Return only those lines of the records below in which "todas" appears.

*** Opening of Data extracts ***

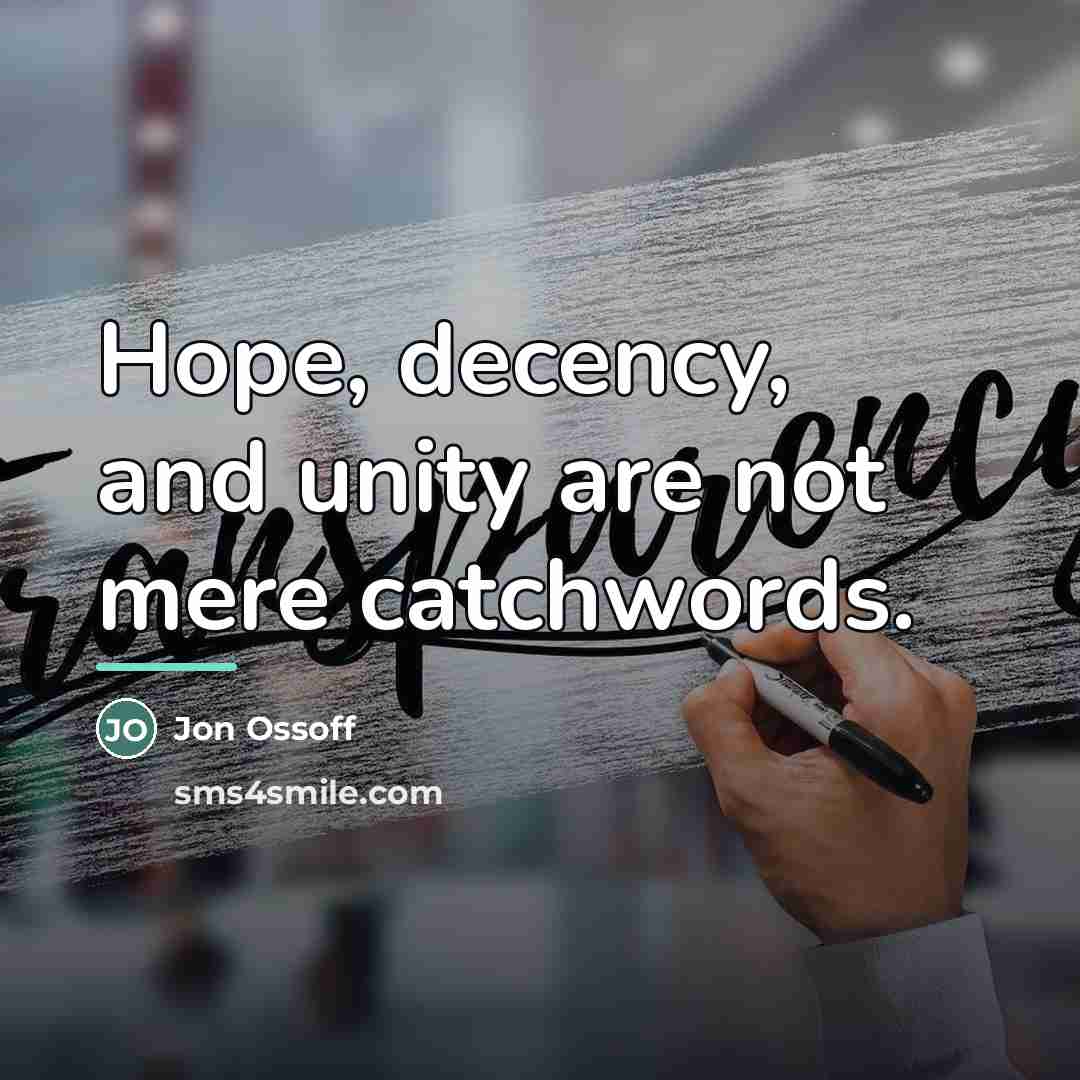 “Hope, decency, and unity are not mere catchwords.…” quote by Jon Ossoff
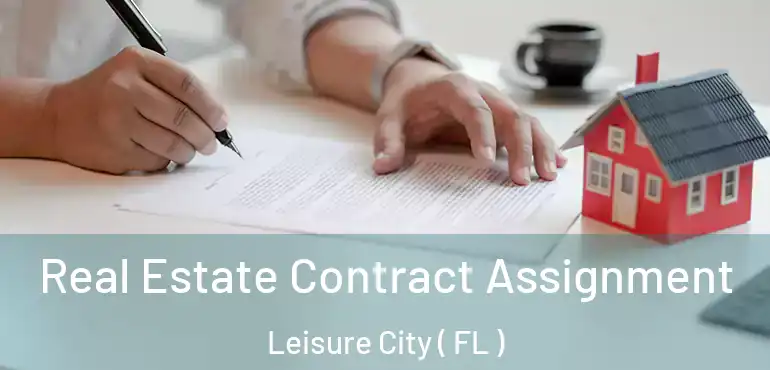  Real Estate Contract Assignment Leisure City ( FL )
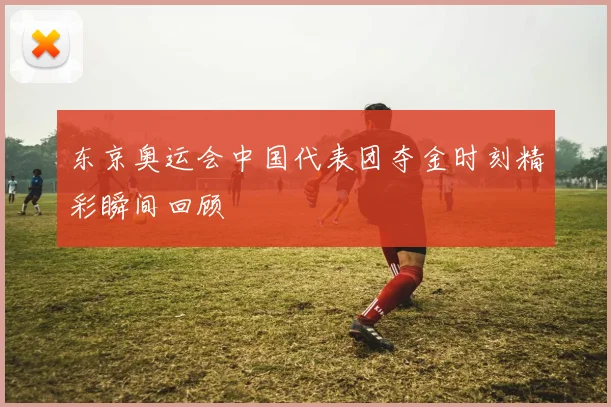 东京奥运会中国代表团夺金时刻精彩瞬间回顾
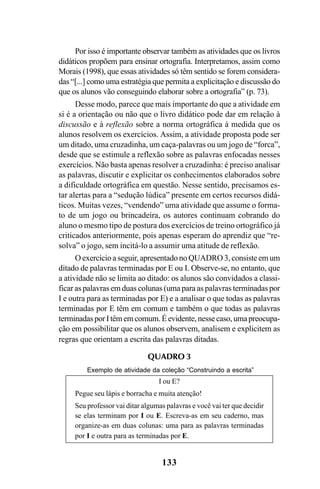 133
Por isso é importante observar também as atividades que os livros
didáticos propõem para ensinar ortografia. Interpretamos, assim como
Morais (1998), que essas atividades só têm sentido se forem considera-
das “[...] como uma estratégia que permita a explicitação e discussão do
que os alunos vão conseguindo elaborar sobre a ortografia” (p. 73).
Desse modo, parece que mais importante do que a atividade em
si é a orientação ou não que o livro didático pode dar em relação à
discussão e à reflexão sobre a norma ortográfica à medida que os
alunos resolvem os exercícios. Assim, a atividade proposta pode ser
um ditado, uma cruzadinha, um caça-palavras ou um jogo de “forca”,
desde que se estimule a reflexão sobre as palavras enfocadas nesses
exercícios. Não basta apenas resolver a cruzadinha: é preciso analisar
as palavras, discutir e explicitar os conhecimentos elaborados sobre
a dificuldade ortográfica em questão. Nesse sentido, precisamos es-
tar alertas para a “sedução lúdica” presente em certos recursos didá-
ticos. Muitas vezes, “vendendo” uma atividade que assume o forma-
to de um jogo ou brincadeira, os autores continuam cobrando do
aluno o mesmo tipo de postura dos exercícios de treino ortográfico já
criticados anteriormente, pois apenas esperam do aprendiz que “re-
solva” o jogo, sem incitá-lo a assumir uma atitude de reflexão.
O exercício a seguir, apresentado no QUADRO 3, consiste em um
ditado de palavras terminadas por E ou I. Observe-se, no entanto, que
a atividade não se limita ao ditado: os alunos são convidados a classi-
ficar as palavras em duas colunas (uma para as palavras terminadas por
I e outra para as terminadas por E) e a analisar o que todas as palavras
terminadas por E têm em comum e também o que todas as palavras
terminadasporItêmemcomum.Éevidente,nessecaso,umapreocupa-
ção em possibilitar que os alunos observem, analisem e explicitem as
regras que orientam a escrita das palavras ditadas.
QUADRO 3
Exemplo de atividade da coleção “Construindo a escrita”
I ou E?
Pegue seu lápis e borracha e muita atenção!
Seu professor vai ditar algumas palavras e você vai ter que decidir
se elas terminam por I ou E. Escreva-as em seu caderno, mas
organize-as em duas colunas: uma para as palavras terminadas
por I e outra para as terminadas por E.
Ortografia na sala de aula0607finalgrafica.pmd 23/6/2009, 11:34133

*** Close of Data extracts ***

• [Answer to the problem]:
I e outra para as terminadas por E) e a analisar o que todas as palavras
terminadas por E têm em comum e também o que todas as palavras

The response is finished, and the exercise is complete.